Properly document the files you hand in to receive full credit. Each module (file), class and function needs a docstring. The purpose of each function needs to be summarized as a single sentence and then, if required, your intent and the behavior of the function can be described in more detail.

All of the tasks below need to

• run with the provided input data without crashing
• produce correct results
• have a comprehensive amount of unit tests
• have proper docstrings
• be implemented without using non-English function and variable names, docstrings etc.

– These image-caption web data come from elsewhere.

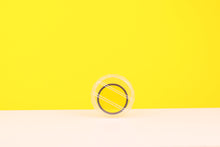 Load image into Gallery viewer, Hoya 49mm Orange Lens Filter O(G)
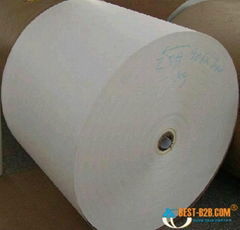 hot melt glue wood free adhesive paper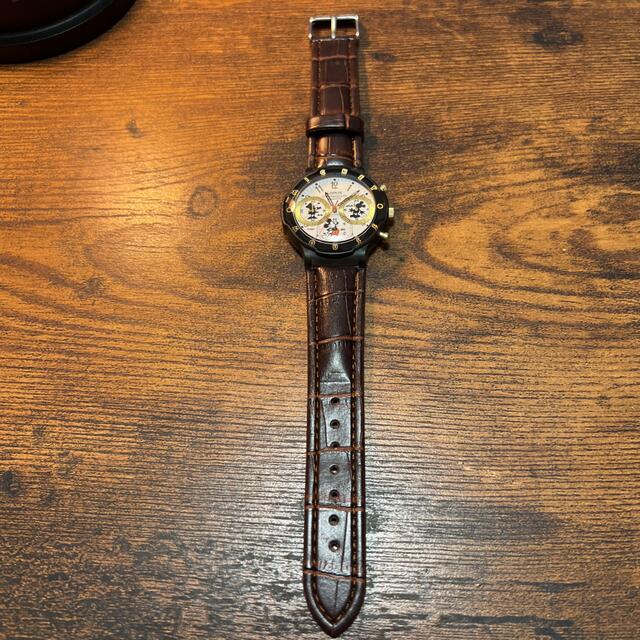 海外限定モデル Seiko Lorus ディズニー ウォッチ Gekiyasu Na 腕時計 アナログ Firstclassaruba Com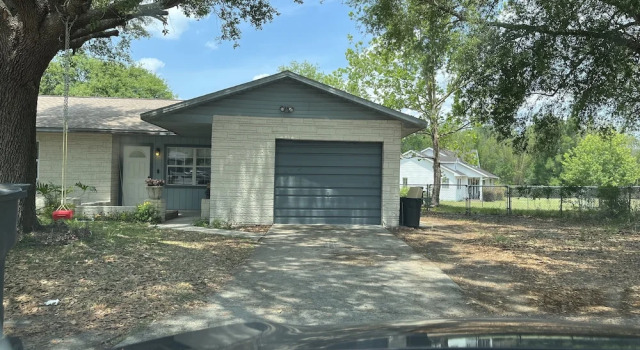 ZenHomes in Brandon near Tampa & Valrico, Prenota Affittacamere Valrico Florida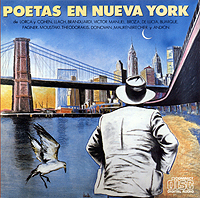Poetas-en-Nueva-York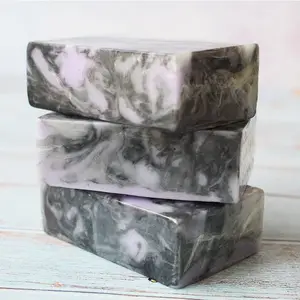 Custom International Soap Brands Pears Soap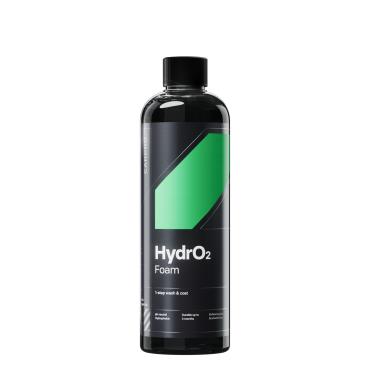 CarPro HydrO2 Foam 500ml
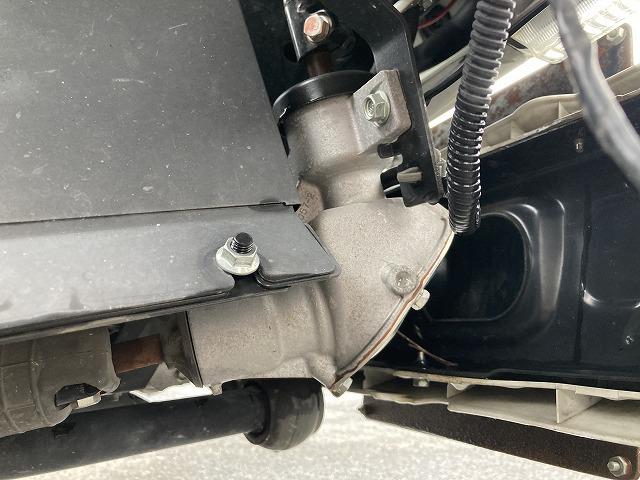 いすゞ 平ボディ|中古トラックの販売・買取・査定のアイナビ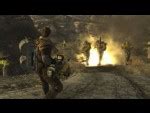 Fallout New Vegas Pc Review Fallout With Culture Hooked Gamers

in order to receive (full) points. The grader will only award a part of the total points. The rest will be awarded if all your functions etc. have a comprehensive amount of proper unit tests.

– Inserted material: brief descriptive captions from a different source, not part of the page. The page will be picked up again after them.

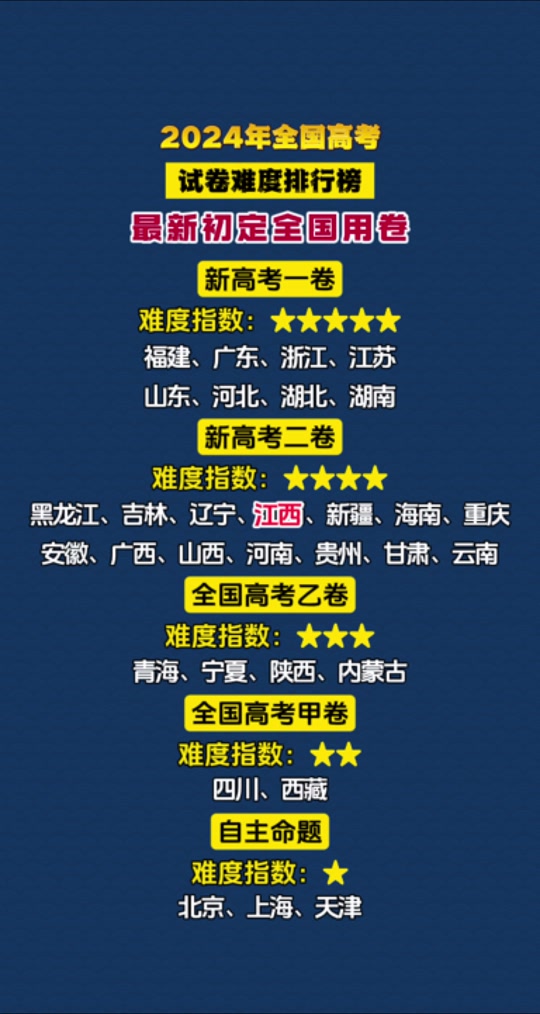 ɽʡ߿_ɽ߿ɽ߿_ɽʡĸ߿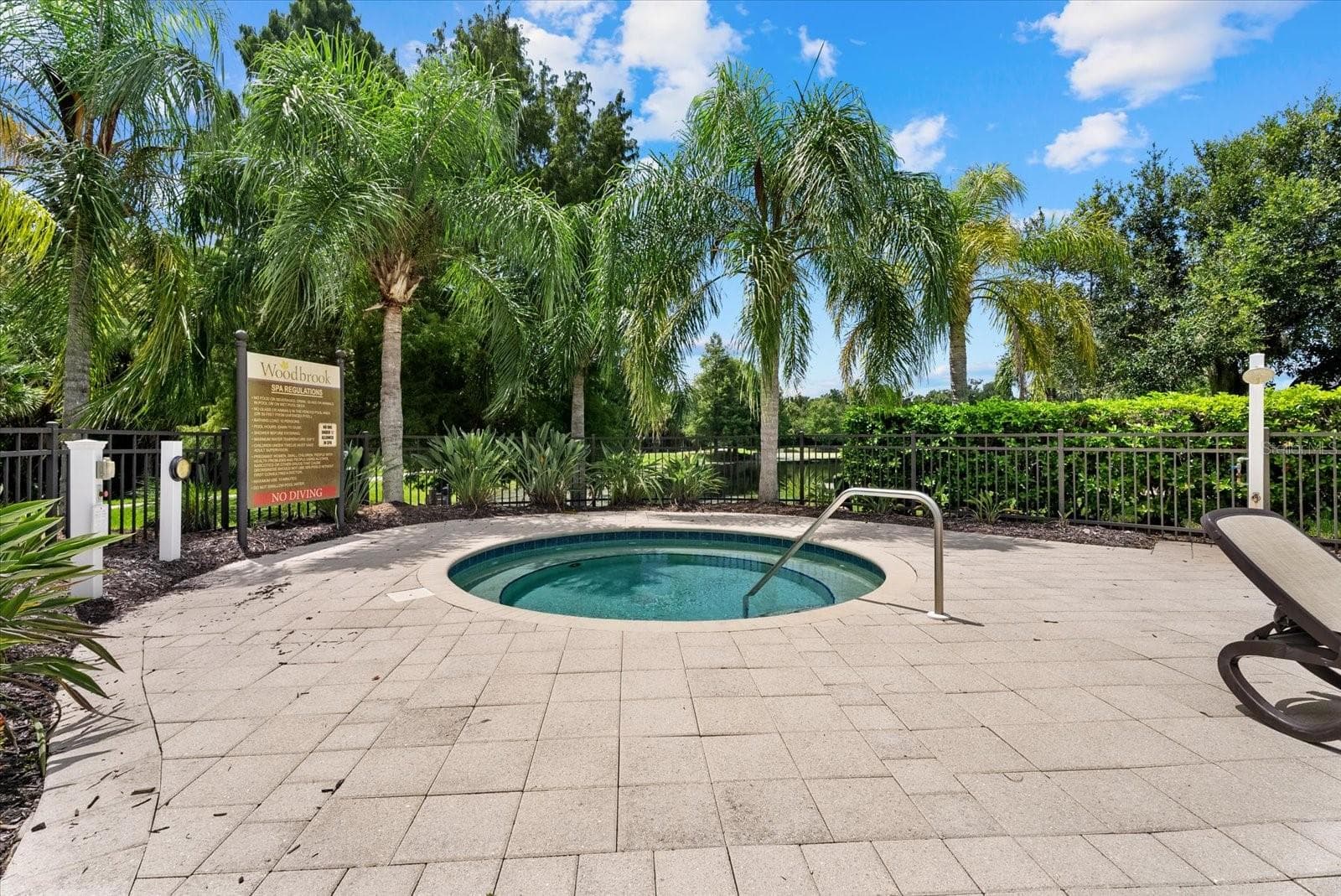 Single Family Residence at 4522 CEDAR BRUSH TER, SARASOTA, photo 52 of 57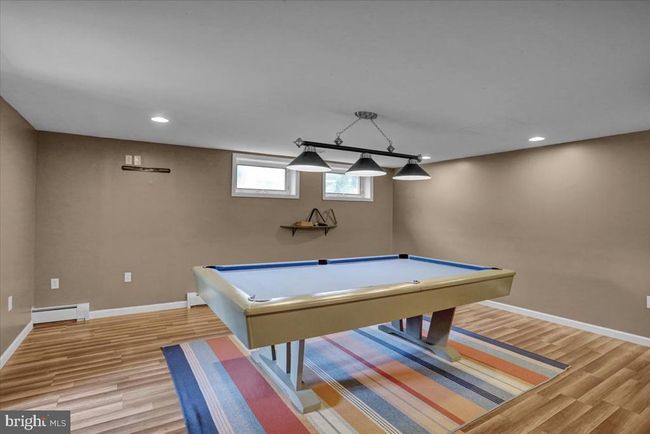 4255 Painted Sky Rd, House other with 4 bedrooms, 3 bathrooms and null parking in READING PA | Image 30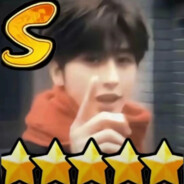 相恋这一季的秋天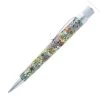 Retro 51 Tornado Popper Limited Edition Rollerball Pen, Sweet Gnome 2 Retro 51 Tornado Popper Limited Edition Rollerball Pen, Sweet Gnome -Noodlers Store RetroGnome 2000x 93ddff79 127a 4f62 b8af 37ebf35f5ddd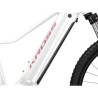 LEA BOOST 4.0 BATERIA 756WH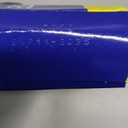 ARM & HAMMER Advance White Toothpaste, Teeth Whitening Baking Soda Toothpaste with Stain Defense Technology and Fluoride, Clean Mint Flavor, 6.0 Oz 2 Pack EXP: 11-2025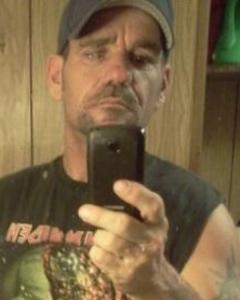 Man, 49. pauly8351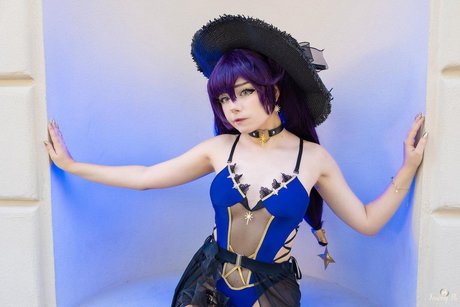 natural ass onlyfans beautiful nude archive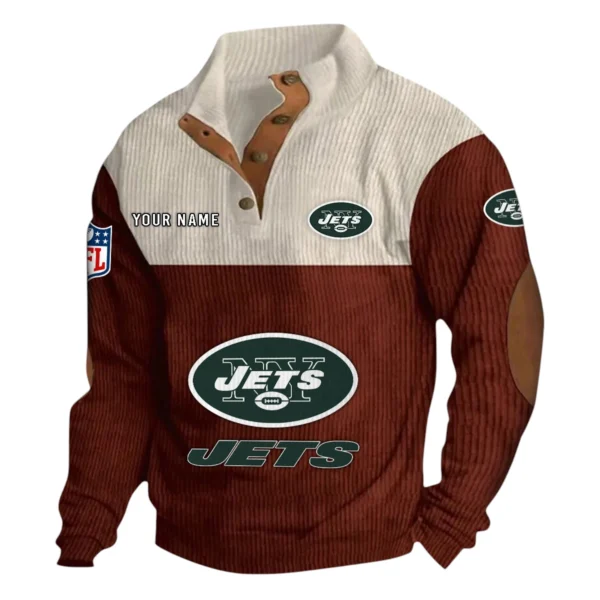 NFL141090525116 4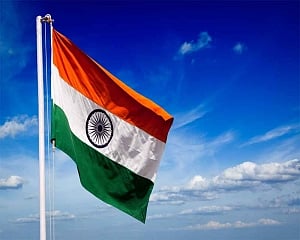 India pledges to contribute USD 5 million in 2019 to UN Palestine refugee agency
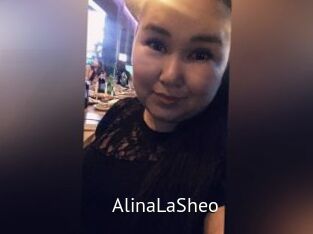 AlinaLaSheo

1. Austrian Social Security Numbers (1.5 points)
Your company requires a tool to validate Austrian social security numbers (SSNs). As you wanted to save the company some money while minimizing your own effort, you tried to find an existing solution. Unfortunately, you couldn't find anything that really met your companies needs. However, from one of your friends in Sweden you obtained a part of a small GUI program (validate_ssn_gui.py) to validate Swedish SSNs. Using this Python module allows you to reuse the GUI and only implement the logic to validate an Austrian social insurance number. Such a number consists of 10 digits of which the 4th denotes a checksum allowing simple validation. The format of such a number is "xxxCddmmyy" where "xxx" are consecutively assigned digits, "C" is the checksum digit, "dd" donates the day, "mm" the month and "yy" the year of birth. The following formula for calculating the checksum uses the this notation: "x1" is the first of the three "x" digits, "m2" is the second month digit, and so on.
C =(x1*3 + x2*7 + x3*9 + d1*5 + d2*8 + m1*4 + m2*2 + y1*1 + y2*6) modulo 11

The required validation module (validate_ssn.py) should contain at least one function is_valid(digit_list) that returns True if the given list of digits represents a valid SSN. Otherwise, the function must return False. Note that your code should not make any assumptions about the correctness of the given input.
Name the module: validate_ssn.py
2. Flow Shop Scheduling (2.5 points)
Your boss used a little tool to calculate the scheduling for your company's machines. As the IT department failed to realize a proper strategy for backing up important data, parts of the program got lost. Apparently the UI is still working, but when she wants to solve a particular problem the program crashes with a weird error she doesn't understand. Please run johnson_gui.py to understand what's going on and make the program work again by implementing the missing file.
Your boss tried to collect all useful information for you. She found some old tests for the missing file (the grader for hw7). She also said she recalled that when she initially got the program, the techies had to install some Python libraries to make the GUI work. Furthermore, she found a part of the documentation of the lost file:
"""Return a flow shop schedule using Johnson's rule.

Args:
jobs: A dictionary of jobs. Job IDs are keys, a list of machine times
are the values.
E.g. {'3': [5, 7]} means that job '3' needs 5 time units on the
first machine and 7 time units on the second.

Returns:
A list of job IDs.
"""


Name the module: johnson.py
3. Tests (5 points)
Write a comprehensive suite of unittest for the previous tasks using Python's unittest framework. Write enough tests to get comfortable that your code works as expected.